*** Begin section ***

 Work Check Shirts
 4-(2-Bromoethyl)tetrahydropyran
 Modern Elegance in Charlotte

*** End section ***
*** Begin section ***

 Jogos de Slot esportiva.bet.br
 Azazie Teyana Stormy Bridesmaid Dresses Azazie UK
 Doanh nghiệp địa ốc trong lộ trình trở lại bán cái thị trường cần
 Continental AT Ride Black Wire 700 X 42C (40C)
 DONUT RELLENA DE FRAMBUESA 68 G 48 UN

*** End section ***

PROBLEM STATEMENT: Look above for the line holding "4-(2-Bromoethyl)tetrahydropyran", then set down exactly that line and every line after it up to and including the line holding "Modern Elegance in Charlotte", with nothing else.

RESULT OF THIS TASK:
 4-(2-Bromoethyl)tetrahydropyran
 Modern Elegance in Charlotte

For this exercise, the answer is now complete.